Monday, June 14, 2021
Rwanda Outlaws Political Cartoons and an Opposition Leader Goes Free
By Global Information Network
Published October 5, 2018

Rwanda’s opposition leader Victoire Ingabire speaks to the press after being released from the Nyarugenge prison on September 15, 2018, on the outskirts of Kigali (AFP photo)

The Rwandese government of Paul Kagame has outlawed the drawing of cartoons that portray politicians/leaders in an unflattering manner.

Anyone who draws such a cartoon risks imprisonment of up to two years and a fine of up to Rwf1 million ($1,145).
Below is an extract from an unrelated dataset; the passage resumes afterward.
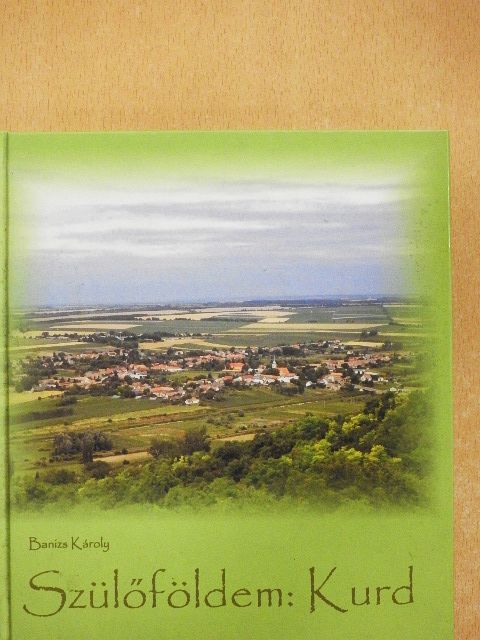 Banizs Károly - Szülőföldem: Kurd [antikvár]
If the cartoon targets a session of parliament or a “top ranking official,” the penalty is doubled.

Media experts say this this is a huge blow to the profession and will greatly hamper their work.


“In the trade of journalism, cartoons are by nature humorous… leaders may perceive them negatively or as humiliating even when they’re not,” Rwanda Journalists Association’s executive secretary Gonza Muganwa told Ignatius Ssuuna of The Associated Press.

Defaming Rwanda’s head of state already was illegal, bringing five to seven years in prison and a fine of $8,140.

Parliament passed the new law last month. It now awaits presidential assent before it becomes official.

In other news from Rwanda, opposition leader Victoire Umuhoza Ingabire has been released from jail after serving six years of a 15 year sentence. She was among 2,000 prisoners who received a pardon from President Kagame. Also freed was popular gospel singer and genocide survivor Kizito Mihigo, jailed in 2015 for plotting to kill President Kagame.

Flanked by her lawyer Gatera Gashabana, she told waiting reporters that her release, together with the election of two opposition parliamentarians earlier this month, were positive signs.

“We want to continue pushing for the opening up of political space and releasing of other political prisoners,” she said, adding that she is not worried should her pardon be revoked.


While thanking President Paul Kagame for her release, Ms. Ingabire said she did not “plead for mercy” but wrote to the president requesting to be freed saying she had committed no crime.

“I would also ask him to release other political prisoners who remain here,” she added.

Ingabire was convicted of inciting revolt against the government and for minimizing the 1994 genocide by including Hutus as victims.

She must report her place of residence to the prosecutor and seek authorization before leaving the country.